Kidnapped was originally scheduled to air on Tuesdays at 9:00 pm ET in the U.S., as announced in a presentation made by NBC in advance of the normal upfront presentations. This placed Kidnapped in a timeslot against the popular Fox TV series House. Because of this and similar problems with other shows, in an unusual move on May 25, 2006, NBC announced significant changes to its fall schedule, moving Kidnapped to a Wednesday at 10:00 pm, ET timeslot.

NBC and Netflix then announced, two months before the start of the 2006 fall season, that the pilot episodes of Kidnapped and Studio 60 on the Sunset Strip (another new series) would be made available to Netflix subscribers on a specially issued preview DVD. The pilot for Kidnapped was also made available online at MSN.

Premiering on September 20, 2006, Kidnapped started airing on NBC on Wednesday nights. After the third episode performed poorly in the ratings, NBC announced that the show would be completed and aired within the 13 episodes of the original production order, instead of the usual 22 of a full TV season, and that the show would be rescheduled to Saturdays at 9 pm, ET, starting October 21.
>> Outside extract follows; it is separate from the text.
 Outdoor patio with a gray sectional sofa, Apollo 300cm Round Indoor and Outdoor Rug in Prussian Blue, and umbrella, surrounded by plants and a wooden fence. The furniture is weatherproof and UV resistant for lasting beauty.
After airing the fifth episode, NBC pulled the show from their schedule. NBC then announced that the remaining eight episodes would be shown online at the NBC website until completion of the story, with a new episode posted each Friday. The series finale was posted online on December 22, 2006, and the series was not renewed by NBC. The entire series was released on DVD on April 24, 2007.

On June 24, 2007, NBC began to air the eight remaining unaired episodes of the series on overnight Sunday night/Monday mornings as part of the network's NBC All Night lineup, after Meet the Press, replacing the usual late night airing of Best of Dateline NBC at that time. This depended on local affiliates, however, as some stations only carry portions of the lineup, and some do not air NBC All Night at all.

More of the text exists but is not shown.